NYEP Programme: Who were the ghosts?


Government asked to investigate how GH¢2 million was paid to 5000
Government asked to investigate how GH¢2 million was paid to 5000 "ghost" beneficiaries
A civil society group has called for urgent action by the government on a number of issues concerning the fate of the National Youth Employment Programme (NYEP), principal among which are its legal status, sustainability, "ghost" beneficiaries and indebtedness.

At a news conference in Accra on Wednesday to highlight challenges facing the NYEP, the Centre for Creativity (CFC), Ghana, asked the government to "as a matter of urgency, and policy, establish the NYEP through an Act of Parliament in order to make it a permanent programme for the benefit of the youth."

Government through the Auditor-General, the group said, should also investigate how GH¢2 million was paid to 5000 "ghost" beneficiaries, which according to its investigations, was lost to the state between 2006 and 2008, Mr Kassim Mohammed Mutawakil, spokesman for CFC, told the press.

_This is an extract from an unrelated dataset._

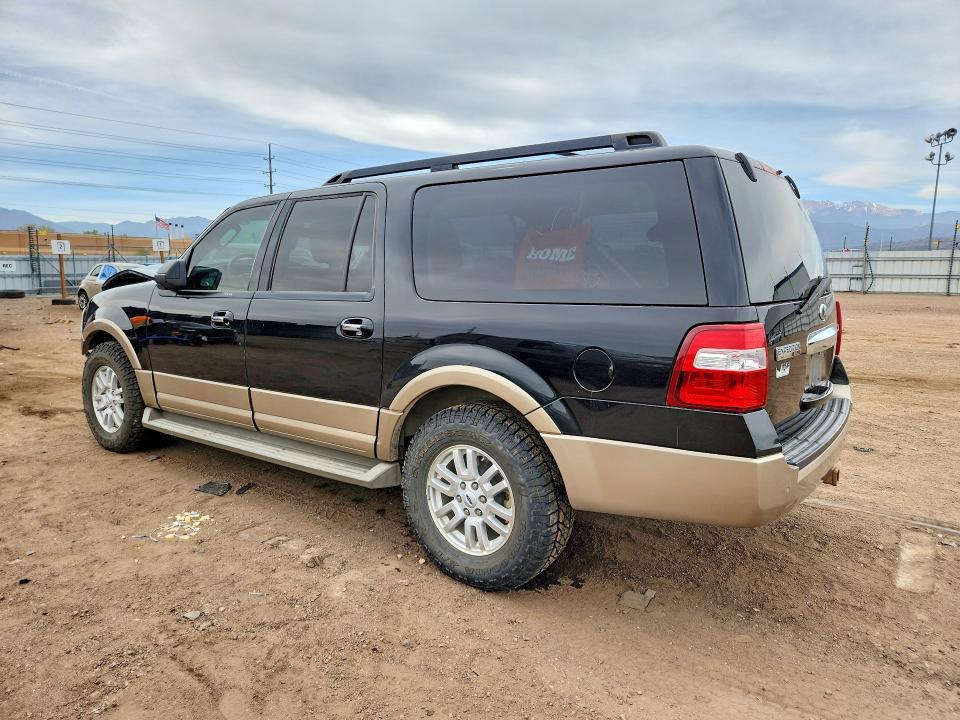 2014 Ford Expedition el xlt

He claimed that the NYEP owes the Agricultural Development Bank GH¢13,650,630.90 as at June 2009 for pre-financing the programme through the payment of salaries of beneficiaries.

Mr Mutawakil said the debt was attracting an interest of 1.8 per cent and suggested that managers of NYEP must be allowed to source funds directly from the Communication Tax which was meant to finance the programme.

He suggested that all moneys raised from the communication tax should be used to finance the NYEP to make it sustainable, instead of the mere 20 per cent currently being used to support it.

Mr Mutawakil said an estimated 532,500 people who were registered between 2006 and 2009 for the NYEP under various modules, including Youth-in-Agriculture, business, and health extension workers.

He questioned the rationale behind attaching 45,552 beneficiaries of Waste and Sanitation Assistants module to Zoomlion, a private entity "while the government continues to pay them and also pay the company.

"We propose that the beneficiaries be properly trained and gradually absorbed permanently into institutions in order to address the youth unemployment problem," he said.

He called for special attention for the Community Education Teaching Assistants and Health Extension Works modules since they help in augmenting the workforce in deprived communities where professionals often refuse posting.

In the same vein, the Community Protection Assistants Should be absorbed into the regular security services since they could pose as security risk in the future.

Mr Mutawakil urged beneficiaries of the NYEP to remain confident since investigations conducted by the CFC into media reports of unlawful dismissals had proved to be untrue.

He said all workers of the programme, including the coordinators had a two-year-contract, subject to renewal, adding; "The NYEP is one of the initiatives by the previous administration that the current administration, from what we have seen so far, intends to continue, sustain and expand."

Reacting to some of the issues raised by the CFC, Abuga Pele, the National Coordinator of the NYEP, said the government was adopting a multi-faceted approach to solve the problem of "ghost" names.

He confirmed the debt of the NYEP to the ADB and said since it continued to attract interest. He agreed with the idea of funds being released directly to the NYEP instead of being pre- financed by a bank at an interest.

Mr Pele called for increase in the percentage allocated to the NYEP from the Communication Tax to broaden its areas of operation.

"Since the Communication Tax was set up to support the NYEP, there is the need for the programme to derive maximum benefit from it," he said.

Mr Pele explained that under the Sanitation Assistants module, government had a special arrangement with Zoomlion under which the beneficiaries were given equipment to work with while the NYEP paid the salaries.